§ EXERCISE INSTRUCTIONS
Transcribe only the part of the material below that begins at the line containing "Lightweight knitted cardigan" and ends at the line containing "Achieving a Clutter-Free Ethos", with both kept and images left out.

§ LISTED RECORDS
※

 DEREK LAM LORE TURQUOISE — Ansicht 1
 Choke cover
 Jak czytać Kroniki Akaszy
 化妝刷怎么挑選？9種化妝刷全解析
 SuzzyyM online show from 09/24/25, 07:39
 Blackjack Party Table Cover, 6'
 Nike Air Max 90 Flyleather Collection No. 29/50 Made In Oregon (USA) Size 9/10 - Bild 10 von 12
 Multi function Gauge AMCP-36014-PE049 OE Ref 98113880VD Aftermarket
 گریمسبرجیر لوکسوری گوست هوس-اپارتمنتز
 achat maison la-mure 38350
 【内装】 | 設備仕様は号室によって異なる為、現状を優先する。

※

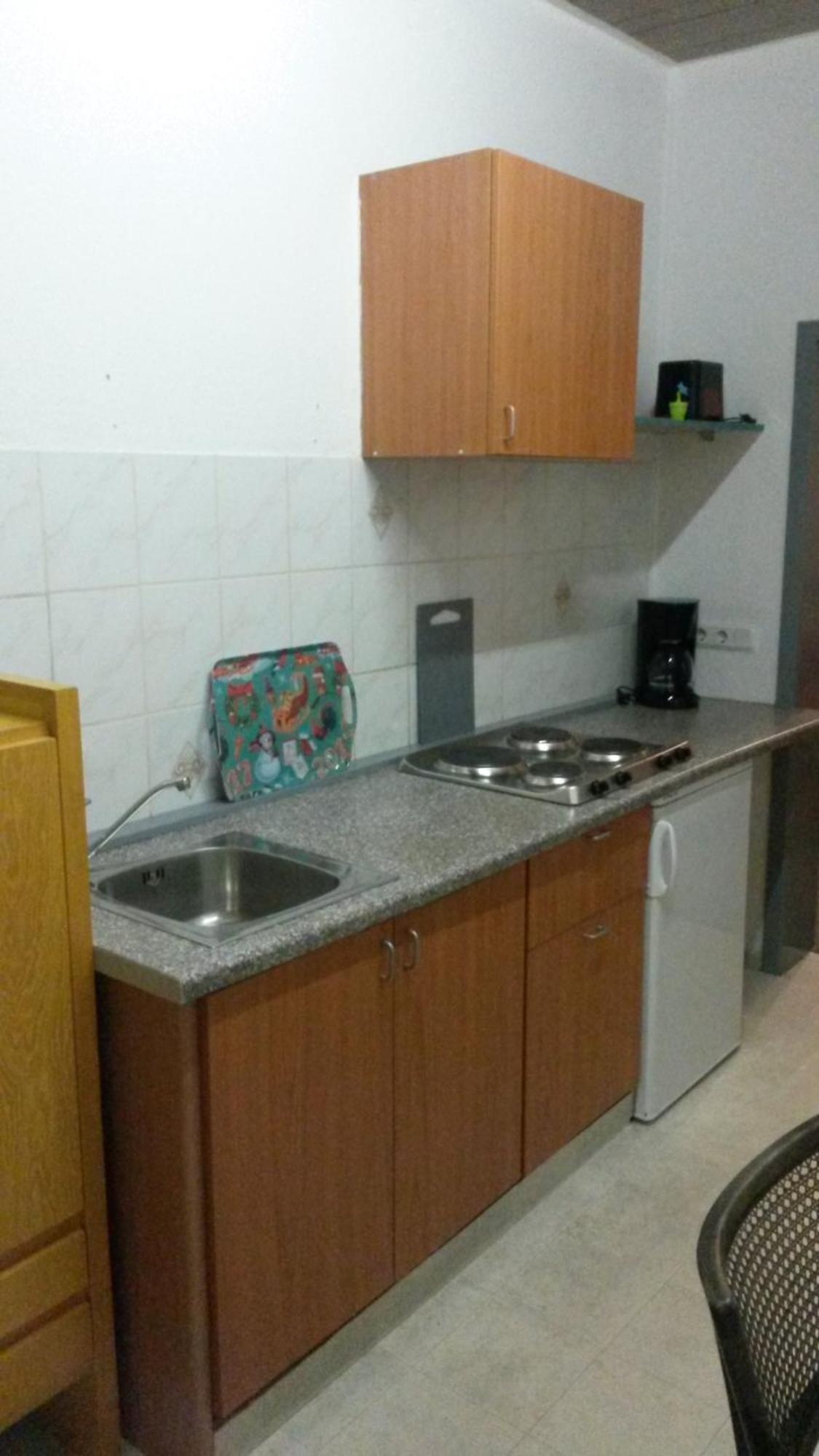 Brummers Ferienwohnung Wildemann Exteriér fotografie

※

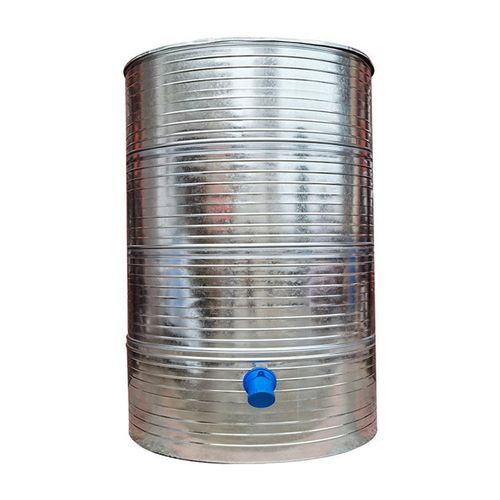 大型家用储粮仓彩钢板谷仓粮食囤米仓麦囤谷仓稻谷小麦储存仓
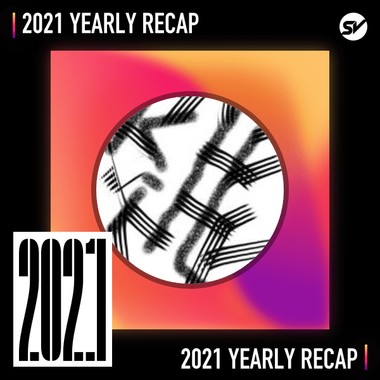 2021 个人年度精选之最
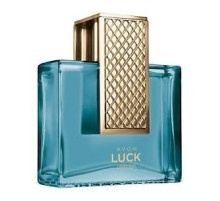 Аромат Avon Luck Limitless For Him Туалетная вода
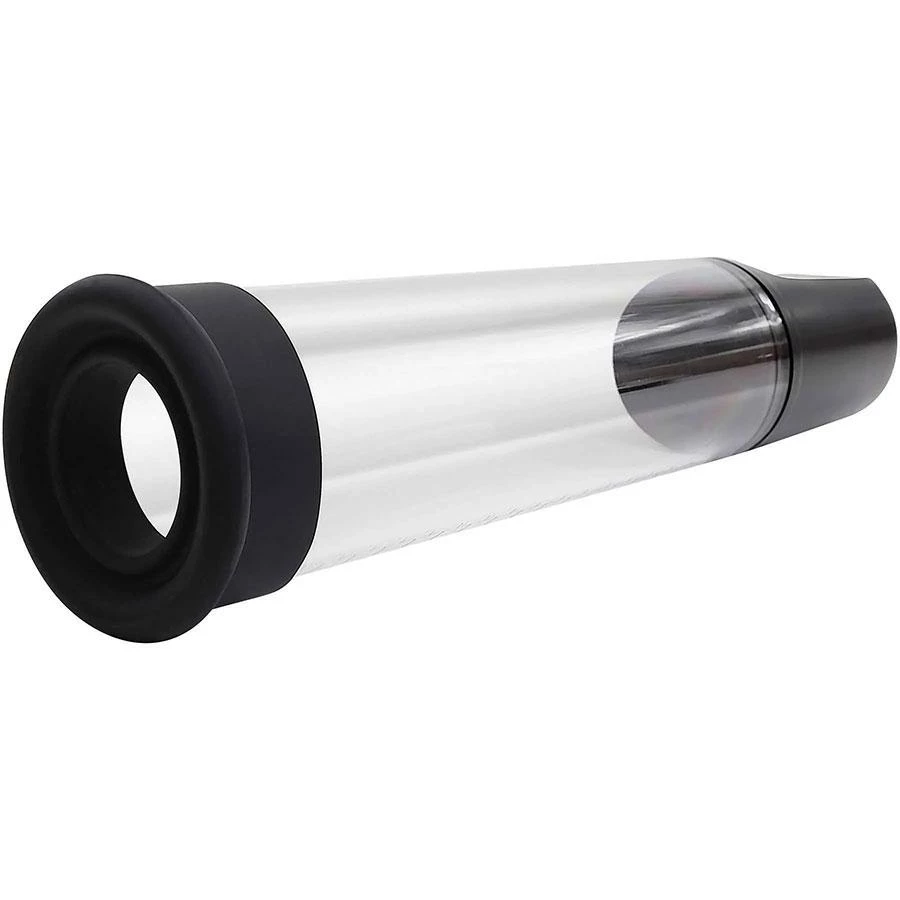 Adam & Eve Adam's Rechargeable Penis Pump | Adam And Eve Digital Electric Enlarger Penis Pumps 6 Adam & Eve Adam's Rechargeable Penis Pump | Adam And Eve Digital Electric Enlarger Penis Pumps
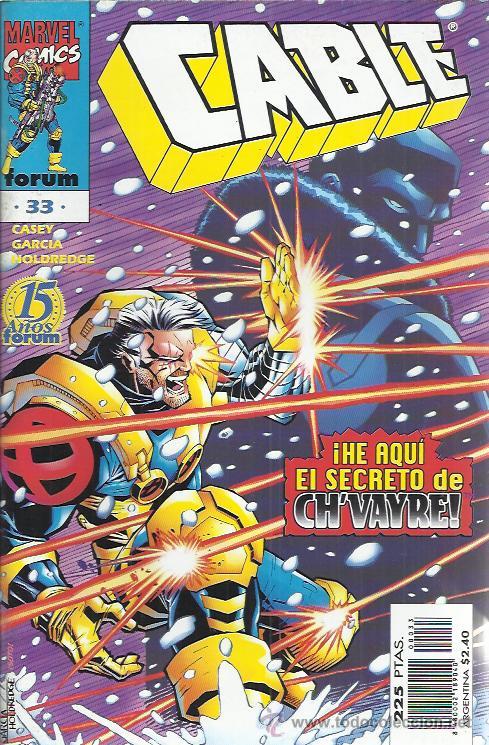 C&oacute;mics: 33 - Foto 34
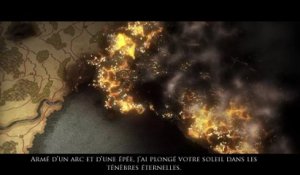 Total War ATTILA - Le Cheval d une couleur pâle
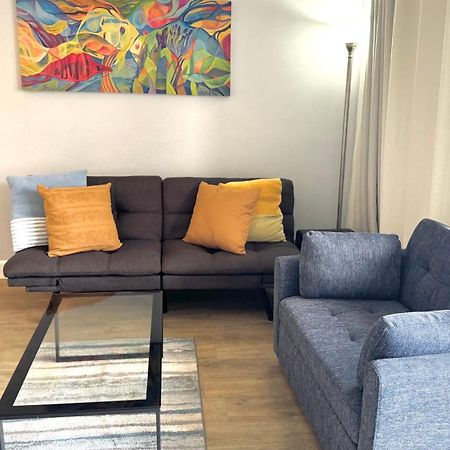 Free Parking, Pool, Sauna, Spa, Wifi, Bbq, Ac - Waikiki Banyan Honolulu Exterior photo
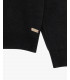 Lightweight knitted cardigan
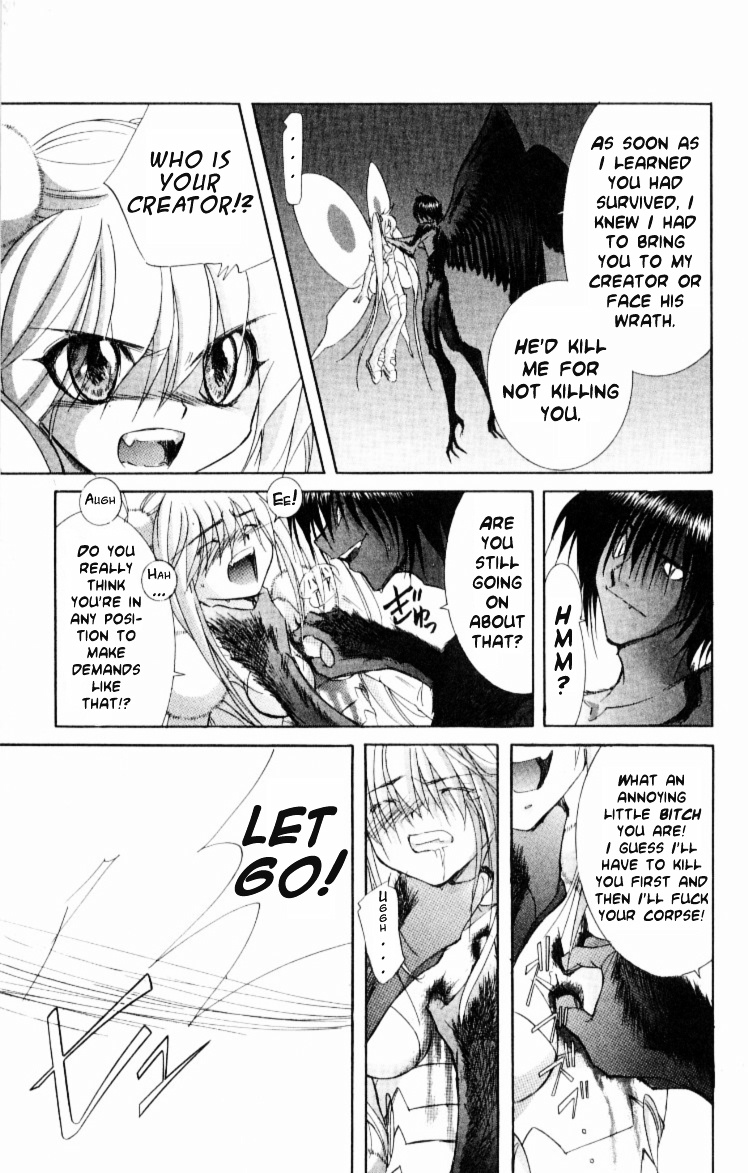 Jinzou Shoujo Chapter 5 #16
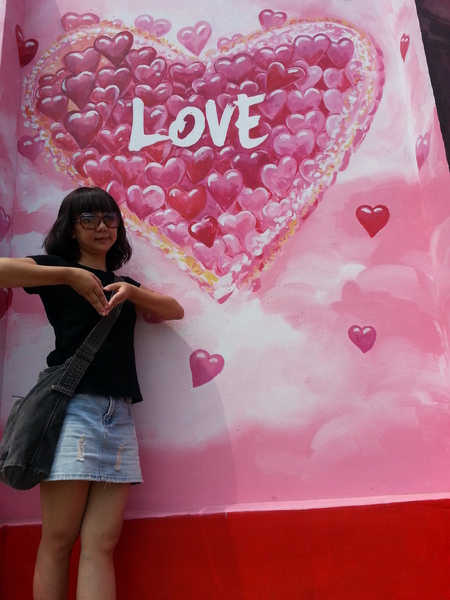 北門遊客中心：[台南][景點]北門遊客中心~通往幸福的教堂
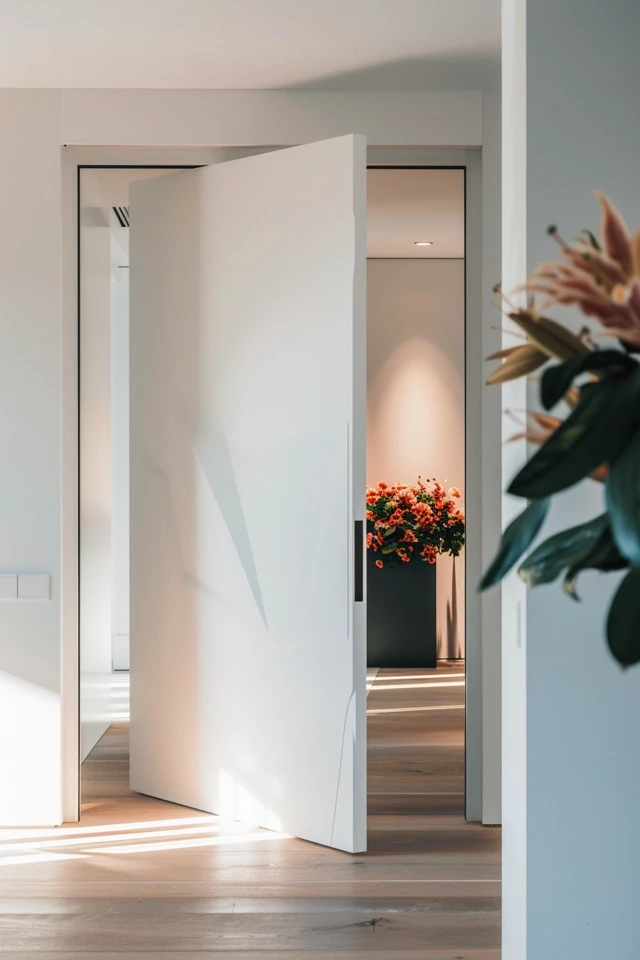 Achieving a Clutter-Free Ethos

※

§ TASK RESPONSE
 Lightweight knitted cardigan
 Jinzou Shoujo Chapter 5 #16
 北門遊客中心：[台南][景點]北門遊客中心~通往幸福的教堂
 Achieving a Clutter-Free Ethos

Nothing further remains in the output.